Activity
Without copying any picture, transcribe exactly the lines of the data below from the one containing "8 Rosemont Court, Mooroobool QLD 4870" through the one containing "Authentieke houten kast naturel".

★ ★ ★ ★ ★ ★ ★

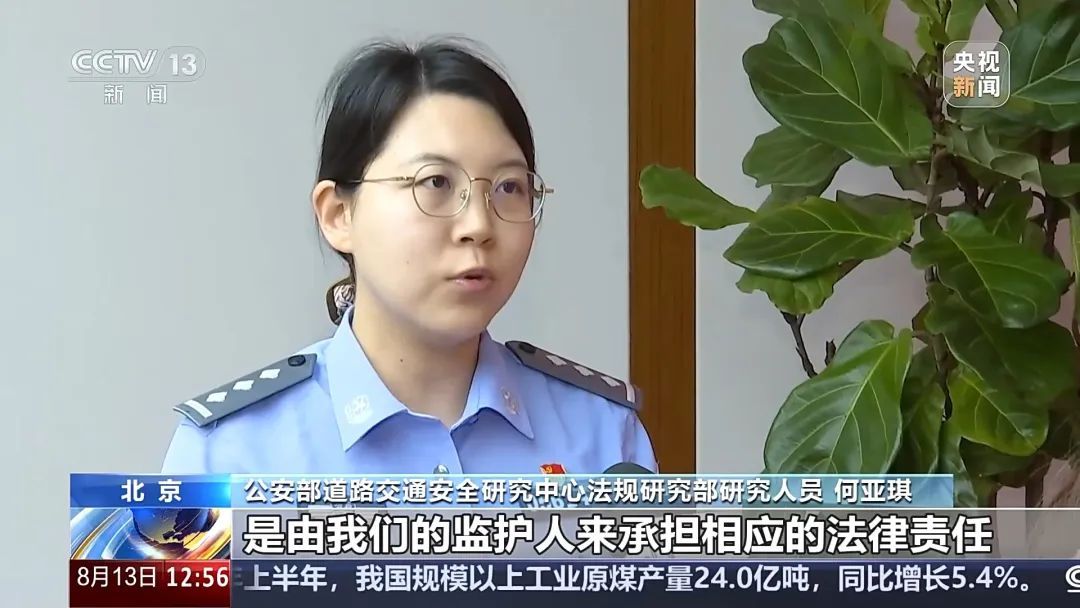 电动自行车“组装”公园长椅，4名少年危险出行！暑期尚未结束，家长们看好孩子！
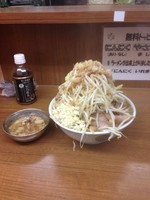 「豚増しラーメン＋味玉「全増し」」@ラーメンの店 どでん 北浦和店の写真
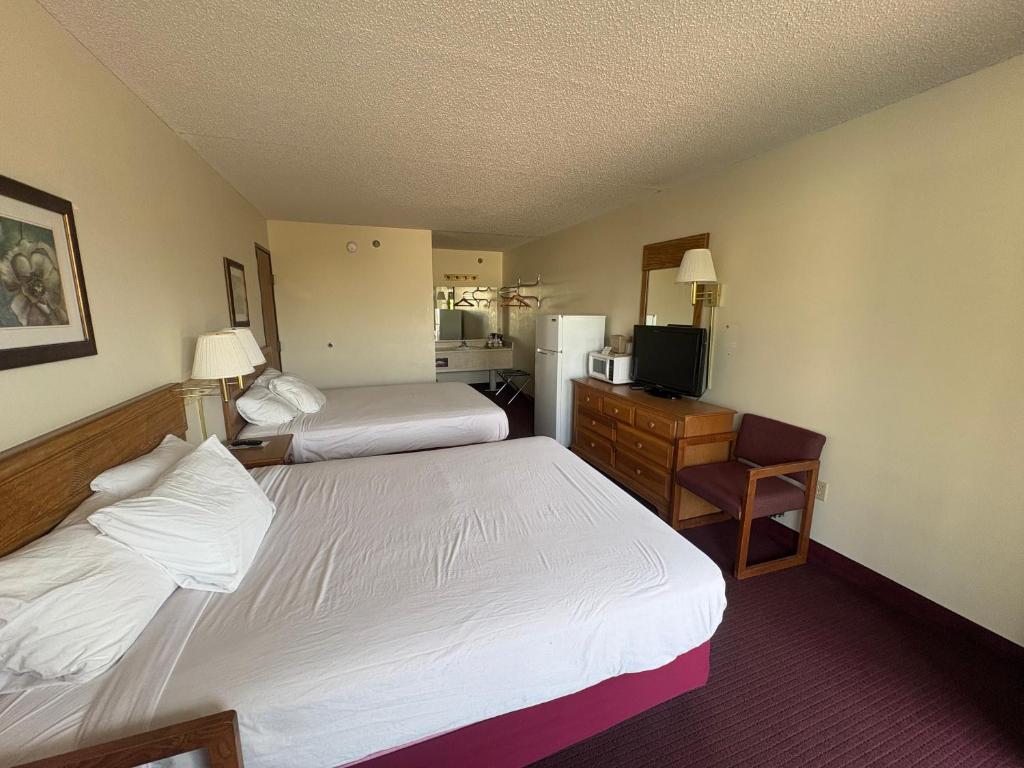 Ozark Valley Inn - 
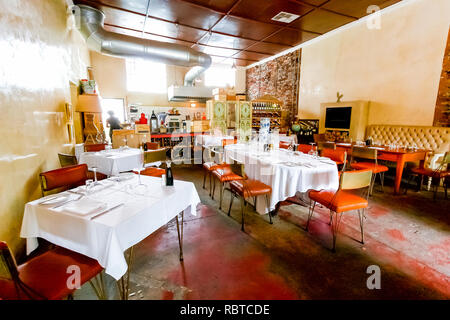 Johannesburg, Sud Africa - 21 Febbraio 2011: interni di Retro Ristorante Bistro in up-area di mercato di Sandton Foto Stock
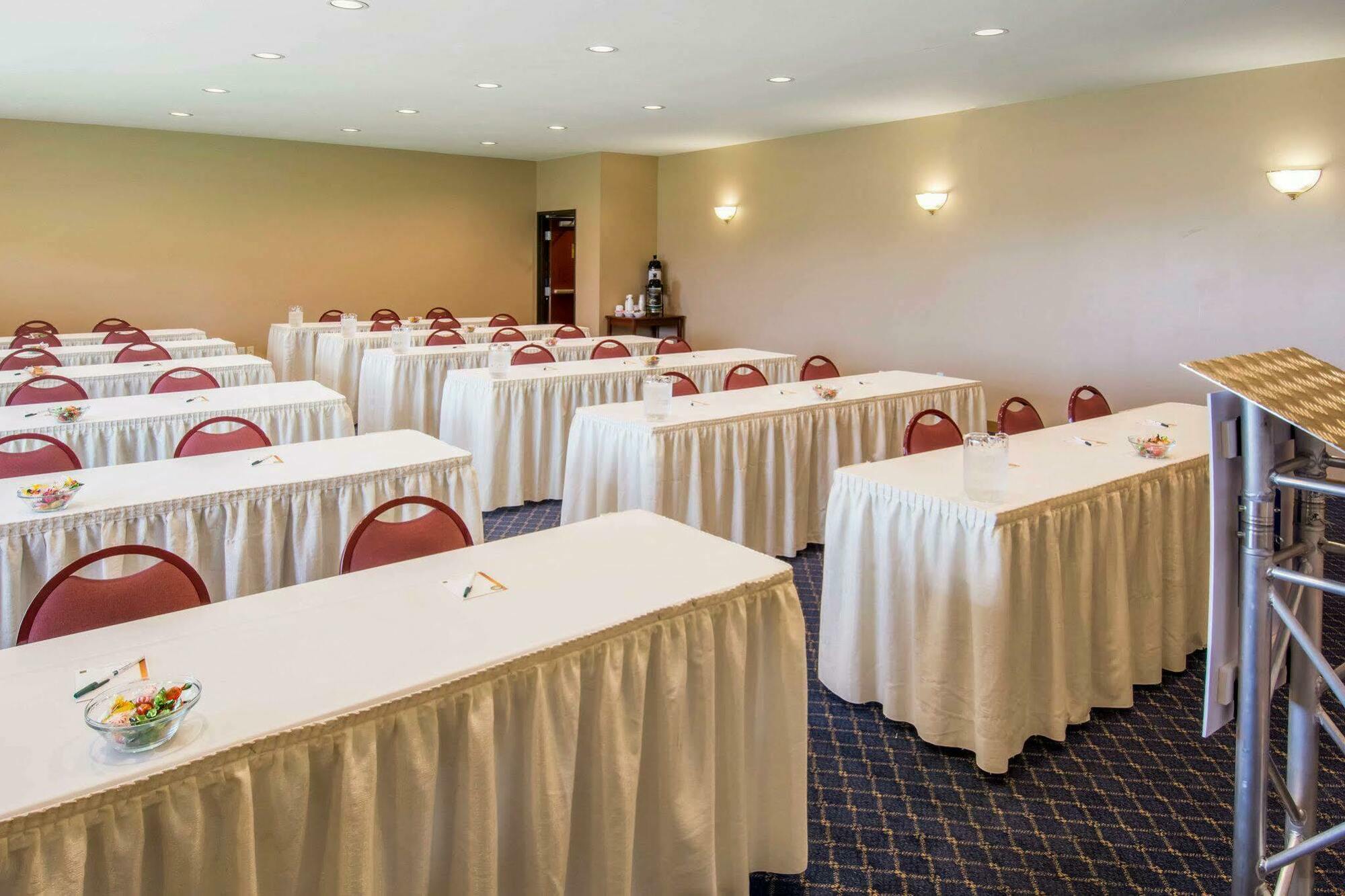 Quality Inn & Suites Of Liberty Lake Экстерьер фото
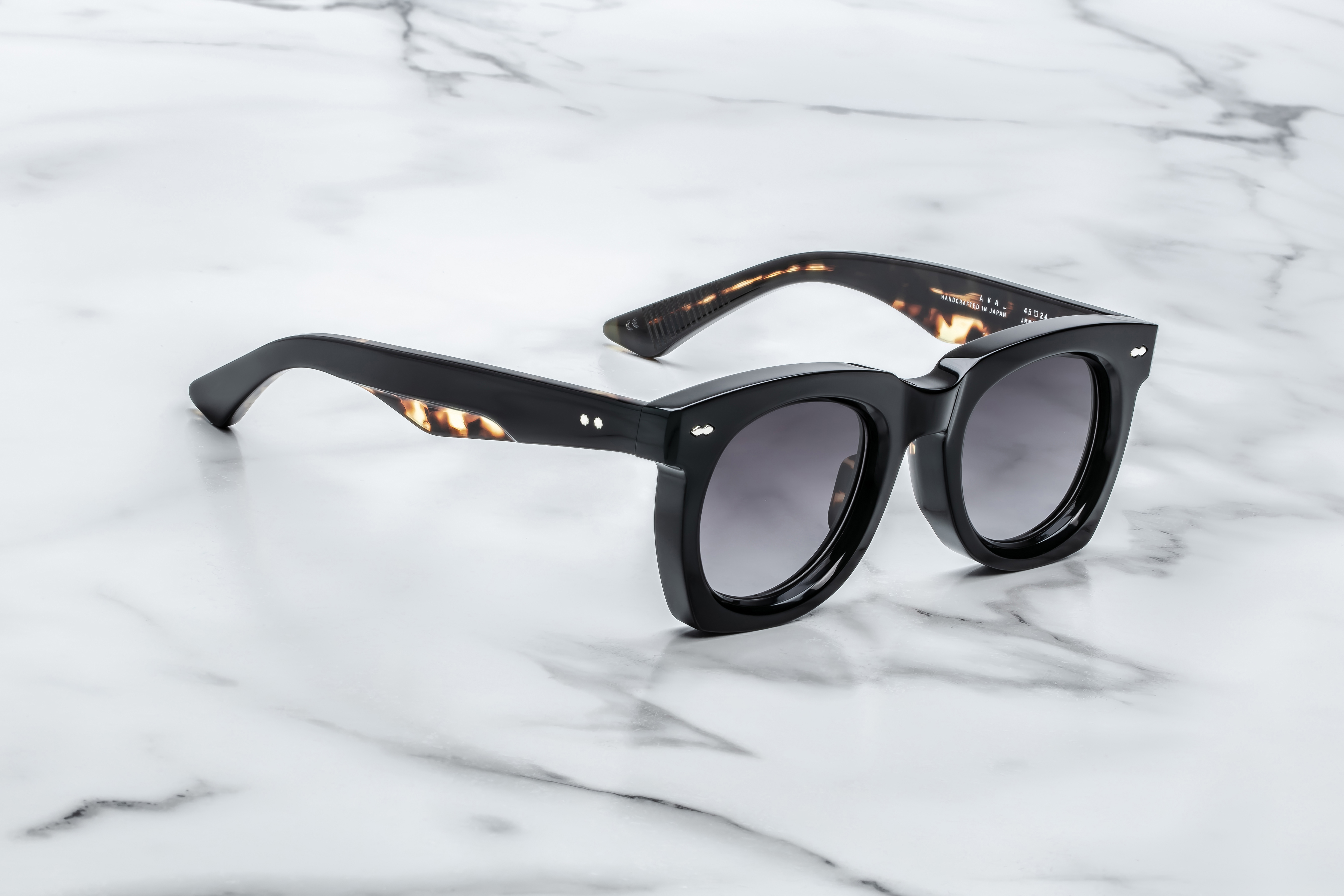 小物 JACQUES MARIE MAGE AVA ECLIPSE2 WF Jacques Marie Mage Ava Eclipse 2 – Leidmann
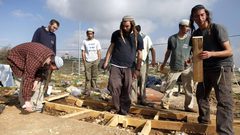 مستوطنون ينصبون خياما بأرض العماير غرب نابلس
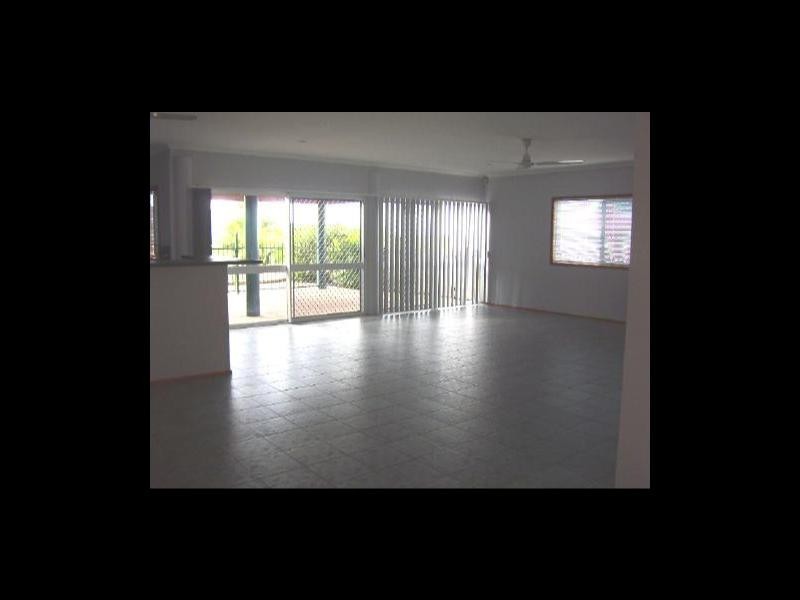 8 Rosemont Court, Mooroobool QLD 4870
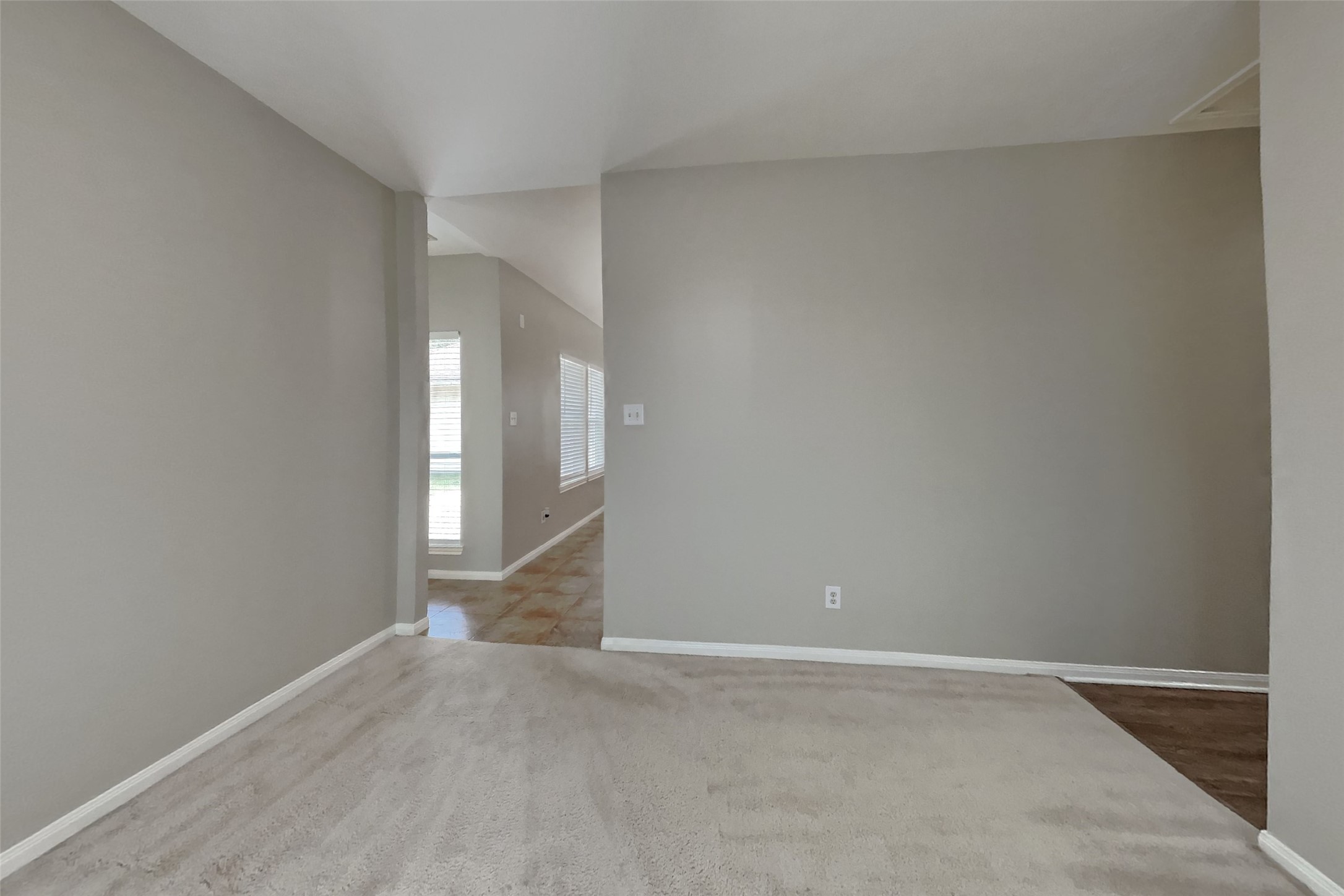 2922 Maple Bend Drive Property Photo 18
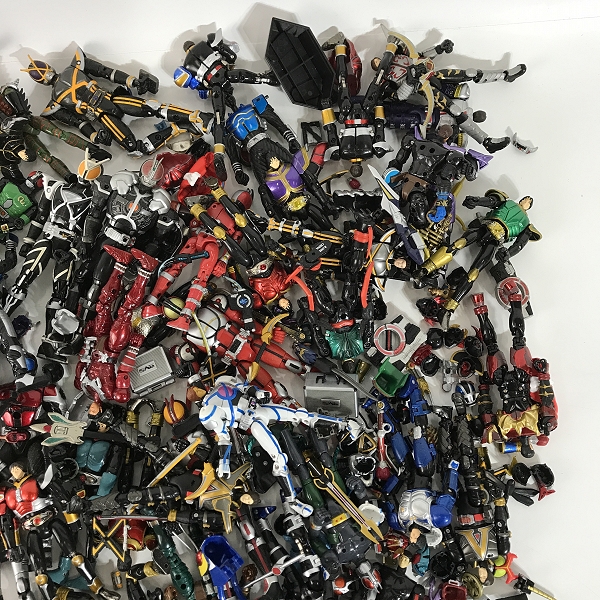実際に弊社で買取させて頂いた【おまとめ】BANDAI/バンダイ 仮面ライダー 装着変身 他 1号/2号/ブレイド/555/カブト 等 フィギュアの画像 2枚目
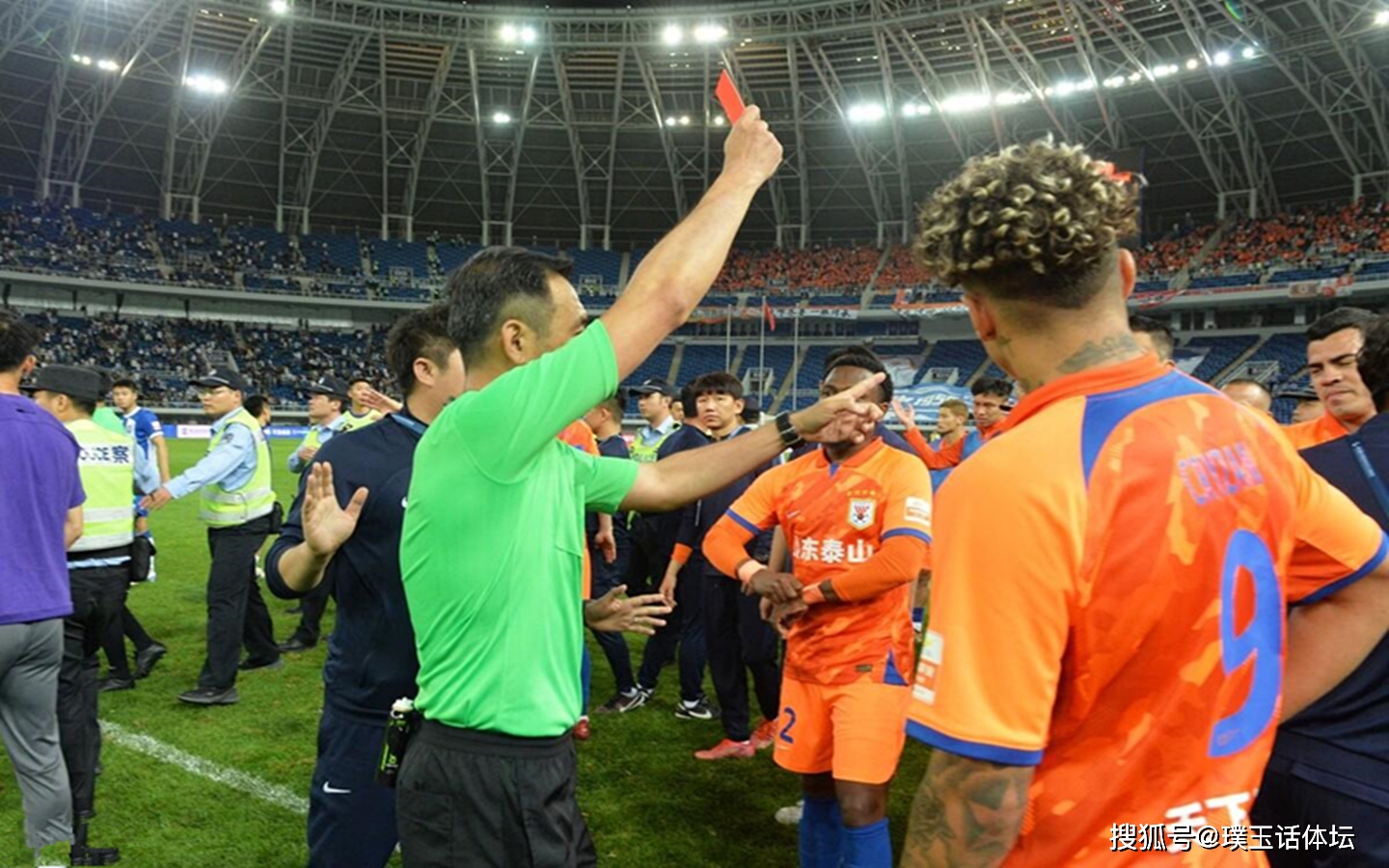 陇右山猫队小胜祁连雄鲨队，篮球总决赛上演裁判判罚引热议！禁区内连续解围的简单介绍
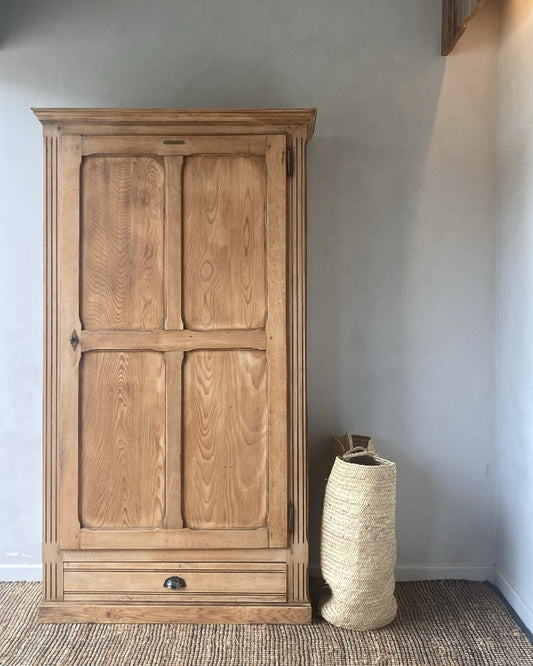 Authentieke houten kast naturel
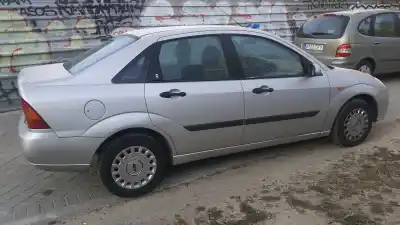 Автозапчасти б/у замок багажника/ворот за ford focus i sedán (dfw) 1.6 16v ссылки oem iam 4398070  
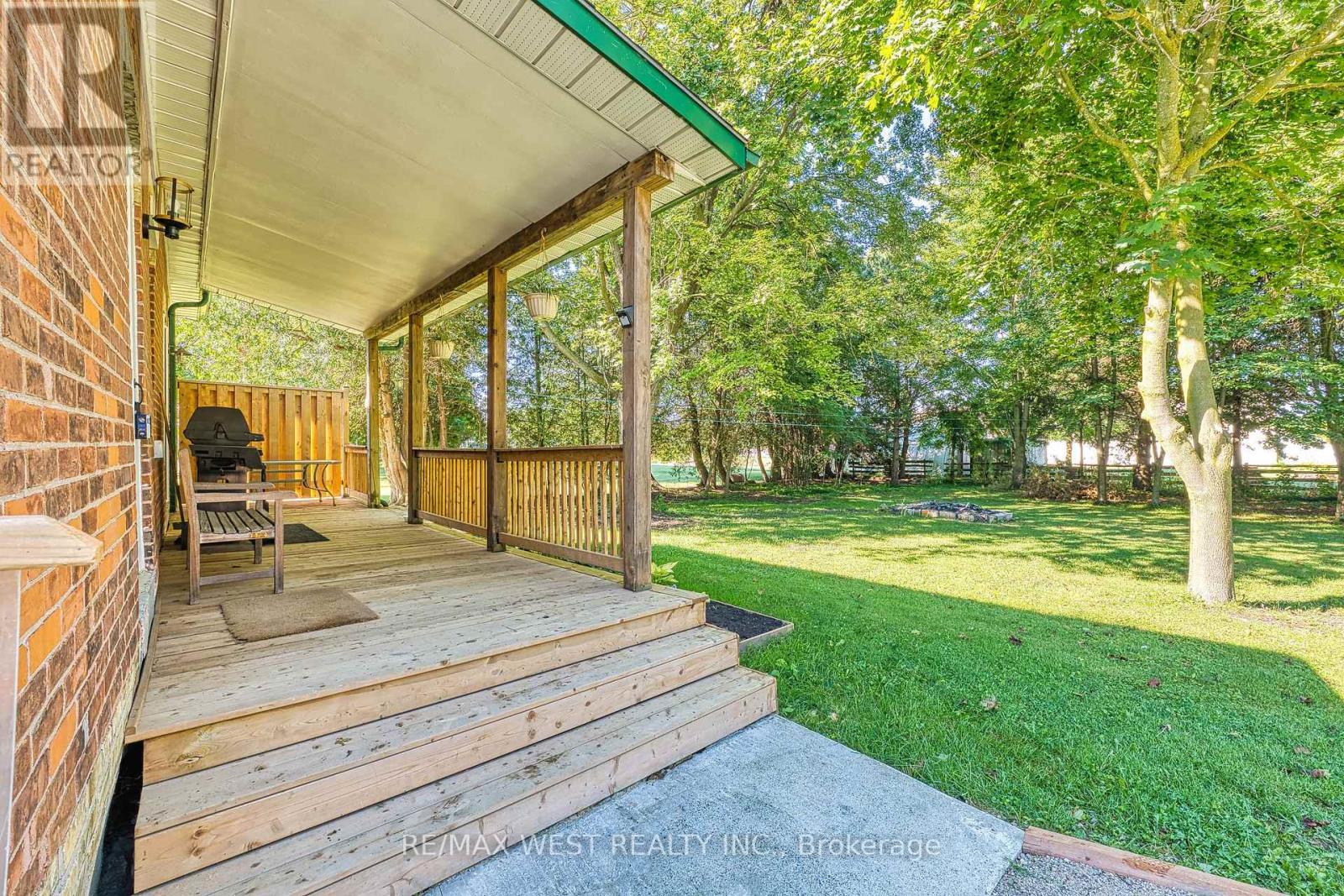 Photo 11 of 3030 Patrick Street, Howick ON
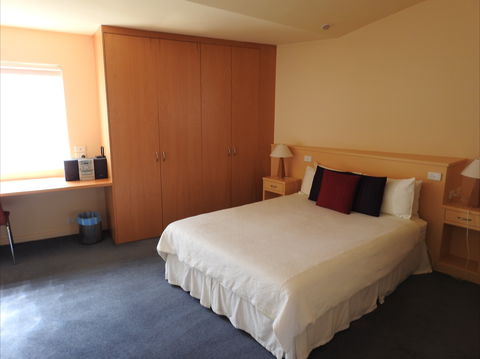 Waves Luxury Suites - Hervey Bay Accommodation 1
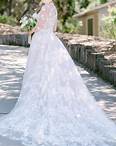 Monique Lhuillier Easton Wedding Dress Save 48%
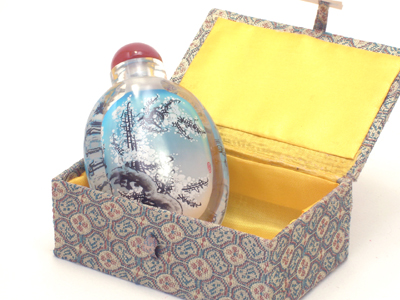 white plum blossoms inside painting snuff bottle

★ ★ ★ ★ ★ ★ ★

Answer space
 8 Rosemont Court, Mooroobool QLD 4870
 2922 Maple Bend Drive Property Photo 18
実際に弊社で買取させて頂いた【おまとめ】BANDAI/バンダイ 仮面ライダー 装着変身 他 1号/2号/ブレイド/555/カブト 等 フィギュアの画像 2枚目
 陇右山猫队小胜祁连雄鲨队，篮球总决赛上演裁判判罚引热议！禁区内连续解围的简单介绍
 Authentieke houten kast naturel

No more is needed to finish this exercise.